> [Input]
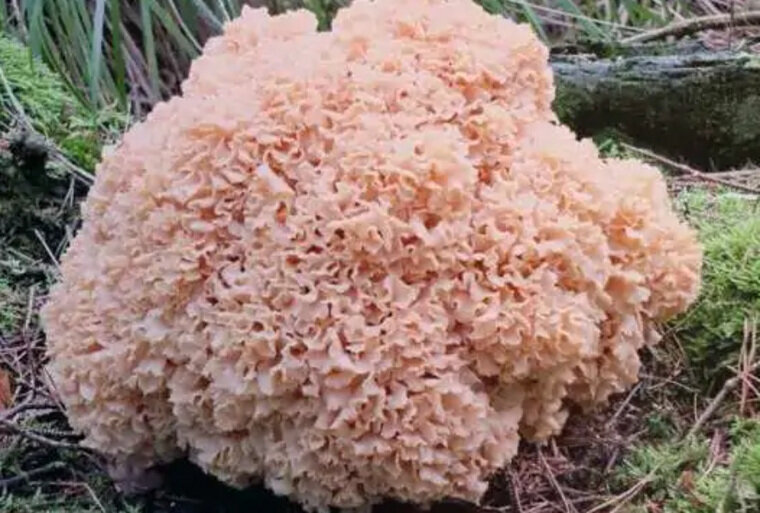    Спарассис курчавый
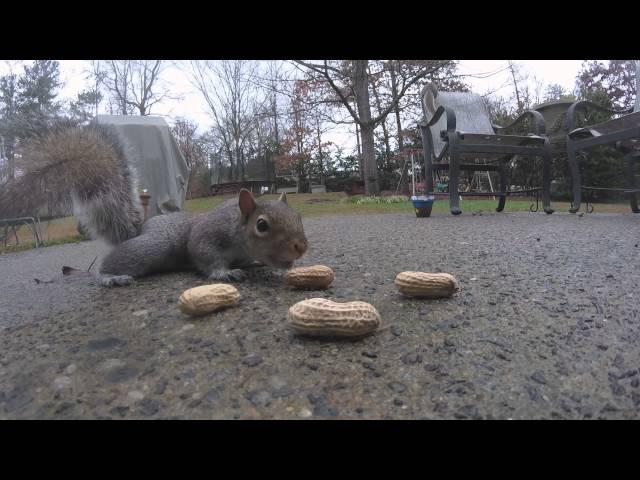 Funny Squirrels Eating peanuts!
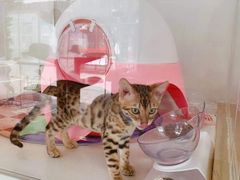 -糯米喵星人总部直营旗舰店·猫舍·幼猫出售
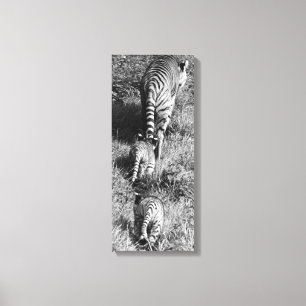 Ein Tiger mit ihren zwei Jungs im Whipsnade Zoo. Leinwanddruck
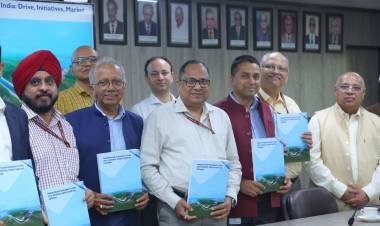 CEA Chairperson Releases IIT Roorkee Report on Pumped Storage Hydropower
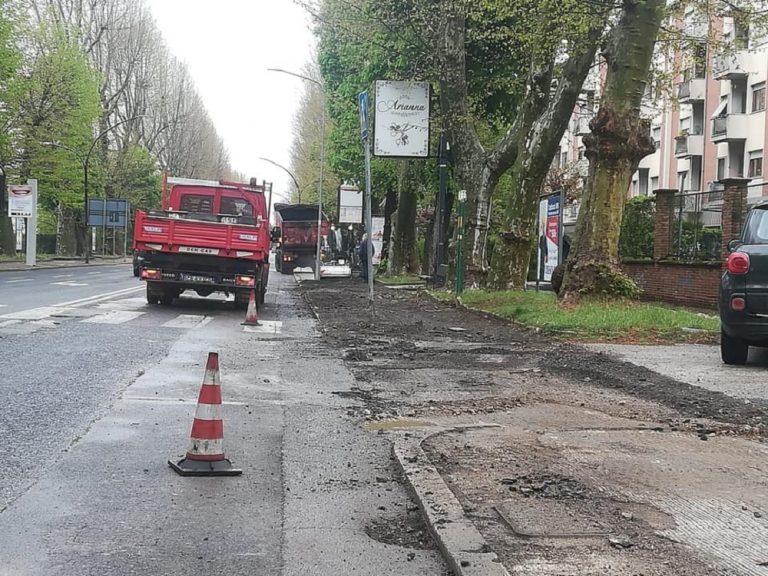 Sinistra Italiana Rieti – AVS: ” Dove sono gli alberi previsti dalle norme regionali della legge 10/2022?”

> [Requirement] Would you reproduce the listing above in full and exactly, without its pictures?

> [Your response]
    Спарассис курчавый
 Funny Squirrels Eating peanuts!
 -糯米喵星人总部直营旗舰店·猫舍·幼猫出售
 Ein Tiger mit ihren zwei Jungs im Whipsnade Zoo. Leinwanddruck
 CEA Chairperson Releases IIT Roorkee Report on Pumped Storage Hydropower
 Sinistra Italiana Rieti – AVS: ” Dove sono gli alberi previsti dalle norme regionali della legge 10/2022?”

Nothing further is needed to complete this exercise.